O Estado de Mato Grosso efetuou nesta sexta-feira (12), o pagamento de serviços e fornecedores do Hospital Regional de Sinop, na ordem de R$ 4,8 milhões. O valor corresponde aos pagamentos atrasados de serviços prestados entre os meses de fevereiro a maio.
Segundo o secretário de Saúde de Mato Grosso, Marco Neves, a atual gestão do Estado não fará nenhum pagamento sem o devido processo montado e a comprovação do serviço prestado. A postura foi referendada pelo próprio governador Pedro Taques, durante a inauguração da UTI infantil de Sinop. “Nessa administração não pagaremos nem um Real se não tiver comprovação, porque eu cuido do dinheiro público mais do que cuido do meu”, discursou o governador.
A fala remeteu a diversos restos a pagar que o novo governador herdou da gestão passada. No entanto, o cadeado colocado no cofre do Estado também paralisou pagamentos de serviços e produtos adquiridos já nesta gestão. É o caso dos repasses para os fornecedores do Hospital Regional, que no final de maio ficou sem combustível para as ambulâncias por falta de pagamento.
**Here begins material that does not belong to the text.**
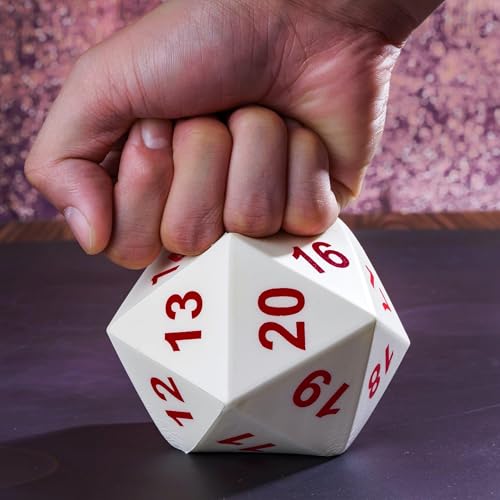 Image of Large D20 Foam DND Dice, Jumbo 80mm Spindown D&D RPG 20 Sided Dice with Drawstring Bag for Role Playing Games (White )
Segundo o secretário de Saúde o atraso deu-se por falhas na montagem dos processos de empenho e por problemas no fluxo interno da secretaria. Neves disse que além das estruturas de saúde pública, o Estado também estava com sua estrutura administrativa sucateada. “Houve problemas na apresentação de documentos e na tramitação dos processos. Estamos organizando toda essa máquina que recebemos de forma precária. Até mesmo os fornecedores não estavam instruídos a apresentar as documentações de forma correta”, explicou o secretário.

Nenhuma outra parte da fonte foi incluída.